Cette parole, inspirée par Fénelon, donne une
idée du caractère et des tendances du duc de
Bourgogne. Il était l’espoir de tout un parti à
la cour, lorsqu’il mourut, subitement enlevé
par une rougeole pourprée, moins d’un an
après la mort de son père et six jours après
celle de sa femme, Marie-Adélaïde. Un de ses
fils mourut également trois semaines plus tard
et de la même maladie. On soupçonna, mais
sans doute à tort, le duc d’Orléans de n’avoir
pas été étranger à ces catastrophes multipliées.
BOURGOGNE (duchesse de). V. Marie.
BOURGOGNE (le bâtard de). V, Antoine.
BOURGOGNE (hôtel de). Cet hôtel, dont
nous n’avons plus qu’un curieux reste, la tour
dont nous parlerons tout à l’heure, s’élevait
rue Pavée-Saint-Sauveur (aujourd’hui rue du
Petit-Lion, n° 23). Originairement bâti pour les
comtes d’Artois, il était situé non loin des
murs de Philippe-Auguste, lesquels bornaient
l’espace où il était renfermé. Lorsque cette
enceinte fut reculée de ce côté, l’hôtel d’Artois
s’étendit dans la rue Mauconseil jusque
vis-à-vis Saint-Jacques de l’Hôpital. Marguerite,
comtesse d’Artois et de Flandre, qui en
était alors propriétaire, l’apporta en dot à
Philippe le Hardi, fils du roi Jean, qui fut la
tige de la nouvelle maison de Bourgogne, si
fatale à la France. L’hôtel de Bourgogne devint
bientôt l’habitation favorite du trop fameux
Jean sans Peur, qui abandonna pour
lui l’hôtel de Flandre. Ses successeurs l’imitèrent
et s’y installèrent définitivement. Cet
hôtel servit donc de séjour aux ducs de
Bourgogne jusqu’à la chute et la mort de
Charles le Téméraire (1477), époque où il
devint l’habitation de certains particuliers
privilégiés, que la faveur royale logeait dans
les demeures de la couronne. Un édit de
François Ier du 20 septembre 1543 en prescrivit
la démolition pour cause de vétusté. Il n’en
demeura debout qu’une grosse tour quadrangulaire.

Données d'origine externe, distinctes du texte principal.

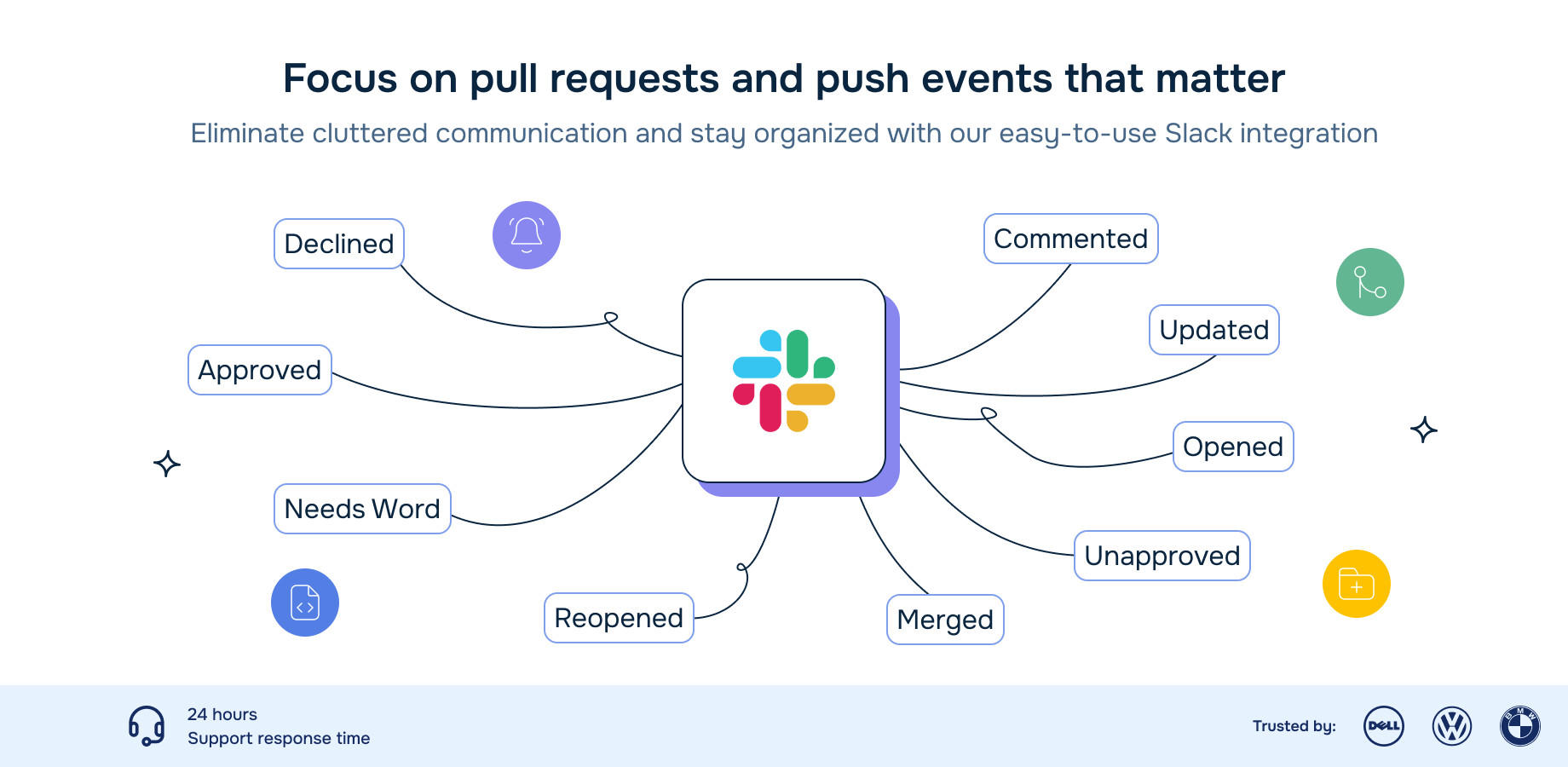 You can set the Slack web hook url only once, but you can override it for each repository, if needed.

You can route different branch events to different Slack channels.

Quant au terrain, morcelé en diverses
parts, un sieur Jean Rouvet en acquit la
majeure partie, qu’il vendit à son tour aux
confrères de la Passion, lesquels y construisirent
aussitôt la salle connue sous le nom de
Théâtre de l’hôtel de Bourgogne. (V. ci-après.)
La grosse tour quadrangulaire, qui a survécu à la destruction de l’hôtel proprement dit, subsiste encore. C’est un curieux document, un échantillon précieux de l’importance qu’avaient au xve siècle ces vieilles demeures princières. Elle est énorme, construite en pierres de taille solidement cimentées, soigneusement appareillées : l’édifice est percé de baies ogivales, et couronné de mâchicoulis. À l’intérieur, un large escalier à vis monte en serpentant, partant d’une haute salle voûtée en ogive, qui, aujourd’hui, se divise en étages. Sur cet escalier s’ouvrent des portes carrées, bordées de moulures, et des fenêtres de même forme y projettent la lumière. Les degrés tournent autour d’une colonne terminée par un chapiteau d’un ordre fort simple. Mais de ce chapiteau, servant de support, part une caisse ronde en pierre, cerclée d’un triple anneau double et sur laquelle s’élance et serpente un curieux travail de sculpture : ce sont les tiges d’un chêne vigoureux ; les branches en décrivent quatre travées d’ogives, et le feuillage couvre la voûte dans toute son étendue. C’est un monument unique dans l’art de l’ornementation, d’une élégance et d’une légèreté rares. Deux rabots et un fil à plomb, sculptés au milieu de fleurons gothiques dans le tympan ogival d’une baie extérieure, indiquent d’une manière à peu près certaine la date de la construction : Jean sans Peur, par opposition aux bâtons noueux du duc d’Orléans, avait en effet des rabots pour orgueilleux emblèmes. Si Jean sans Peur n’en a pas posé la première pierre, du moins est-il hors de doute qu’elle ne peut remonter plus haut qu’à son père, le duc Philippe le Hardi. C’était dans cette tour que Jean, le mal nommé, couchait, entouré d’un véritable arsenal d’armes, l’oreille au guet, éveillé et debout au moindre bruit ; c’est de cette tour, son repaire, qu’il dirigea les scènes sanglantes qui portèrent le désordre dans Paris sous le roi Charles VI, l’assassinat du duc d’Orléans, etc.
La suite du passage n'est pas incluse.